In accordance with the OSS Ray best practice recommendation, setting the logical CPU count to 0 on the Ray head node is enforced in order to avoid running any workload on the head node.

  1. In the Google Cloud console, go to the Ray on Vertex AI page.

    Go to the Ray on Vertex AI page

  2. Click Create Cluster to open the Create Cluster panel.

  3. For each step in the Create Cluster panel, review or replace the default cluster information. Click Continue to complete each step:

    1. For Name and region, specify a Name and choose a Location for your cluster.

    2. For Compute settings, specify the configuration of the Ray cluster on the Vertex AI's head node, including its machine type, accelerator type and count, disk type and size, and replica count. Optionally, you can add a custom image URI to specify a custom container image to add Python dependencies not provided by the default container image. See Custom image.

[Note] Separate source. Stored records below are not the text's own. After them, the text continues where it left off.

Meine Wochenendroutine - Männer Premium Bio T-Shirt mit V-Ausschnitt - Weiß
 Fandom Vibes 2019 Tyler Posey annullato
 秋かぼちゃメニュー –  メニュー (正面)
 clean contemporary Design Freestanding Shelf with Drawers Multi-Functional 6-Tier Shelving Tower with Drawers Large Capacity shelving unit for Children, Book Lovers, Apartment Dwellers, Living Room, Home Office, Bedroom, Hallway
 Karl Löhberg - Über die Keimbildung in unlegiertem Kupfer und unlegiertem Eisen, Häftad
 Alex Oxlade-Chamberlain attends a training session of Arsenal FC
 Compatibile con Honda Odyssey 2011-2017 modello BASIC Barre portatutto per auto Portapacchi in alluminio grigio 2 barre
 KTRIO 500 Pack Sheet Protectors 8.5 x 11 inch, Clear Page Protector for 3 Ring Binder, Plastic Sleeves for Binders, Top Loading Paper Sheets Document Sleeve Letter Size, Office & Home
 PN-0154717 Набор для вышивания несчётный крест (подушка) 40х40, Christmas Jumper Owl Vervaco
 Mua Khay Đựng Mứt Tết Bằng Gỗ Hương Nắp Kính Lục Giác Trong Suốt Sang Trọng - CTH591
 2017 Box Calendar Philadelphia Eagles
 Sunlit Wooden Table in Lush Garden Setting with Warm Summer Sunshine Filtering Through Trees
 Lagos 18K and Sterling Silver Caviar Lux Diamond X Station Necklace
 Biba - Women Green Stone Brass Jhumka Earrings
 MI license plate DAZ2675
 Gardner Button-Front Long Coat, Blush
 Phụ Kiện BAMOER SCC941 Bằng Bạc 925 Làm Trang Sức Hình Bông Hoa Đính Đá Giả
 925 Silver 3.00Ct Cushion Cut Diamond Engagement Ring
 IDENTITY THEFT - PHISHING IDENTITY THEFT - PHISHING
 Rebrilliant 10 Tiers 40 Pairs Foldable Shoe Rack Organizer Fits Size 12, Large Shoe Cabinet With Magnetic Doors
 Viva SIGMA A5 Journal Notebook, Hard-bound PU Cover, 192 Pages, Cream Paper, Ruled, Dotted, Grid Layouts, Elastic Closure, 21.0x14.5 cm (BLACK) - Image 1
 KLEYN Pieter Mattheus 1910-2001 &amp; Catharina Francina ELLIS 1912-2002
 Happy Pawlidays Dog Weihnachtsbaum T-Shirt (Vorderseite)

      Under Advanced options, you can:

      • Specify your own encryption key.
      • Specify a custom service account.
      • Disable metrics collection, if you don't need to monitor the resource stats of your workload during training.
    3. (Optional) To set a private endpoint instead of a public endpoint for your cluster, specify a VPC network to use with Ray on Vertex AI. For more information, see Private and public connectivity.

      If you haven't set up a connection for your VPC network, click Set up connection. In the Create a private services access connection panel, complete and click Continue for each of the following steps:

      1. Enable the Service Networking API.

      2. For Allocate an IP range, you can select, create, or allow Google to automatically allocate an IP range.

      3. For Create a connection, review the Network and Allocated IP Range information.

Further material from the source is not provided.